I have a problem where as input I have a large byte array (typically >1K length) which has a computed CRC32. I need to replace a small chunk of the array with different values, and recalculate the CRC. Is there an efficient way to do this without looping through the entire original byte array? I suspect it's mathematically possible to take as inputs the original CRC, the bytes to be replaced, the new bytes, and calculate the new CRC with an algorithm whose loop size is just the number of bytes to be replaced, but it's outside my area of expertise, hence, just a suspicion. Thanks,
2 Answers
Yes, this can be done. Though at the 1K-byte level it would very likely be faster to just recompute the CRC on the whole thing.
As noted by Dmitry Rubanovich, you can use the fact that a CRC is a linear function where addition is replaced by exclusive-or. You can do better however than just avoiding the recalculation up to the first change. Wherever you have a long string of no changes, which is a long string of zeros in the exclusive-or of the two messages, you can compute the change in the CRC over that string in O(log(n)) time instead of O(n) time.
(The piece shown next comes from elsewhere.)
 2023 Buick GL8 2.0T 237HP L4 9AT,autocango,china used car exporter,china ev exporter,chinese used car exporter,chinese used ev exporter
The way this is done is to generate a series of 32x32 bit matrices, each of which represents the application of a power-of-2 zero bytes to the CRC. E.g. 1, 2, 4, 8, etc. zero bytes. This can be done ahead of time, producing a static table. Then in order to, for example, evolve a CRC by 137 zeros, you multiply the current CRC as a bit vector by the matrices for 128, 8, and 1 zeros. The matrix multiplication is over GF(2), that is, addition is replaced by exclusive-or and multiplication is replaced by the and operation.
You can see an example of how this is done in the zlib function for combining CRC's.
A quick calculation using instruction counts indicates that the logarithmic approach will be faster on average for strings of zeros longer than about 300 bytes.
CRC is linear. So CRC(A xor B) = CRC(A) xor CRC(B). If you know exactly which bits you are changing, you can decompose the changing of the bits into an XOR operation. Then you only have to compute CRC starting with the highest significant bit of B. If it's close to the end of the stream, there will be a lot of leading zeros. You don't need to run the CRC over them because CRC of 0 is 0 (crc is a remainder of dividing a polynomial by another polynomial... if the leading polynomial coefficients are 0, you can ignore them).